Mais, pour avoir en cette matière délicate des principes certains, et qui soient communs aux Jésuites et aux Jansénistes, choisissons un arbitre que ni les uns ni les autres ne puissent récuser. Ce sera saint Augustin : les Jansénistes se disent ses disciples, les Jésuites souscrivent volontiers à sa doctrine, telle qu’elle est entendue et enseignée dans l’Église catholique.

Saint Augustin pose ces deux principes : 1° Qu’il n’y a de vraie foi que celle qui nous vient par le ministère de l’Église catholique, et que professent à Rome les souverains Pontifes, successeurs du Chef des Apôtres ;

2° Qu’il n’y a de vraie justice, de vraie sainteté chrétienne que celle qui a pour base la foi catholique.

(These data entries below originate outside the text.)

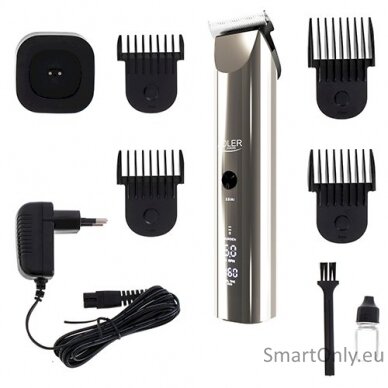 Adler Hair Clipper AD 2834 Cordless or corded, Number of length steps 4, Silver/Black 7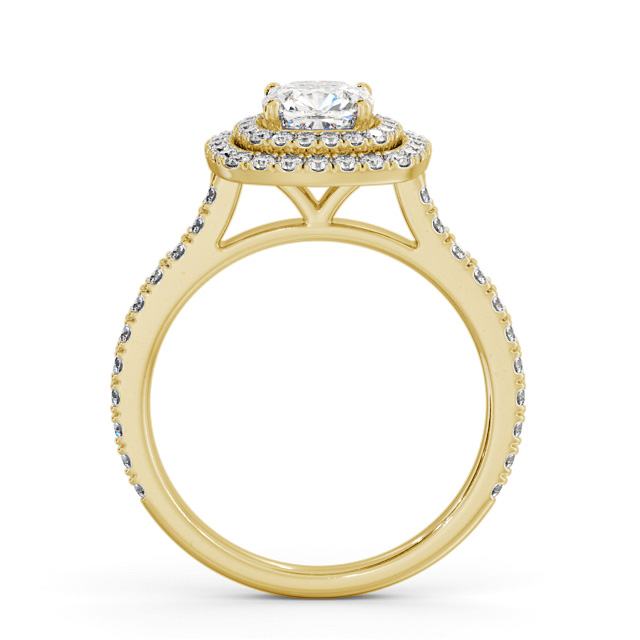 Halo Cushion Diamond Engagement Ring 18K Yellow Gold - Kimcoe ENCU39_YG_UP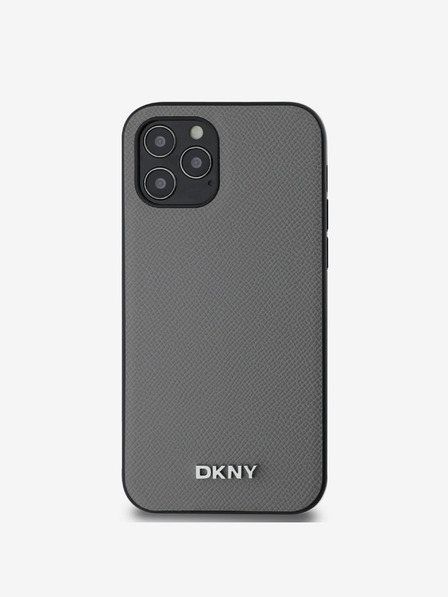 DKNY PU bőr ezüst fém logós Magsafe hátlap iPhone 12/12 Pro szürke szürke DKNY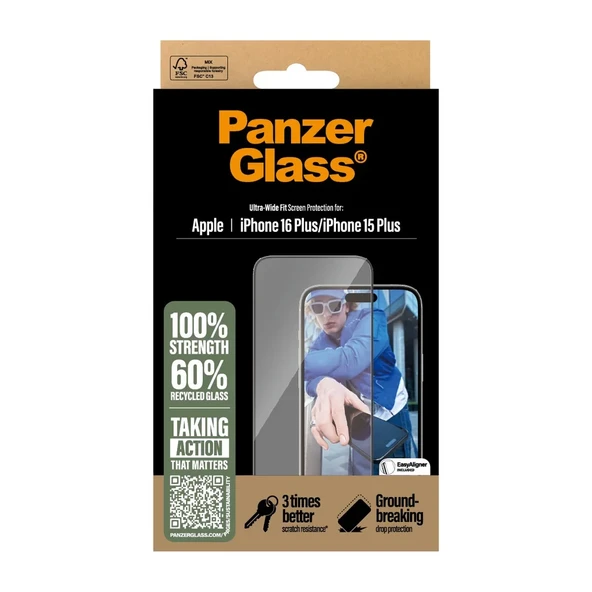 PanzerGlass iPhone 16 Plus UWF Şeffaf Cam Ekran Koruyucu - Resim 4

« Je ne croirais pas à l’Évangile, écrivait le saint Évêque d’Hippone, si je n’avais pour garant de sa divinité l’autorité de l’Église catholique[1]. » Et ailleurs : « Deux Conciles ont condamné la doctrine de Pélage ; les actes ont été envoyés au Siège apostolique, qui les a confirmés. Les décrets de Rome sont arrivés, la cause est donc finie[2]. » Le même docteur s’exprimait ainsi touchant le second principe : « Là où la foi n’est pas saine et pure, il ne peut y avoir de vraie justice[3] ». Et plus bas : « Pour être disciple de Jésus-Christ, il ne suffit pas de porter le nom de Chrétien, il faut vivre selon la vraie foi et l’enseignement catholique[4]. » Après avoir établi que les Païens, quoiqu’ils fassent des œuvres de justice, ne sont pas vraiment justes, parce qu’ils n’entrent point par la porte, qui est Jésus-Christ, le saint docteur ajoute, en parlant des sectaires de son temps : « Un grand nombre de Chrétiens veulent passer pour éclairés immédiatement par Jésus-Christ ; ce sont les hérétiques. Qu’on se garde de croire qu’ils soient entrés par la porte dans la vraie Église : car, sachez-le bien, il n’y a pas d’autre bercail de Jésus-Christ que l’Église catholique[5]. » D’où le saint docteur conclut que « tous ceux qui n’entrent point par Jésus-Christ dans l’Église catholique où l’on vit de la foi, n’entreront point par Jésus-Christ dans le royaume de la gloire où l’on

  1. « Non crederem Evangelio, nisi me Ecclesiœ catholicae commoveret auctoritas. » (Lib. unus contra Epist. fundamenti, n. 6.)
  2. « De hac causa (Pelagii) duo concilia missa sunt ad Sedem apostolicam ; inde rescripta venerunt… Causa finita est. » (Sermo 131, de verbis apostol.)
  3. « Ubi autem sana fides non est, non potest esse justitia, quia justus ex fide vivit. » (Sermo Domini in monte, lib. I, cap. 5.)
  4. « Non Christum sequitur qui non secundum veram fidem et catholicam disciplinam Christianus vocatur. »
  5. « Innumerabiles sunt qui se a Christo illuminatos videri volunt, sunt autem haeretici. Forte ipsi par januam intraverunt ? Absit… Hoc tenete, ovile Christi esse Ecclesiam catholicam. » {Tractat. XLV in Joannem, n. 4 et 5.)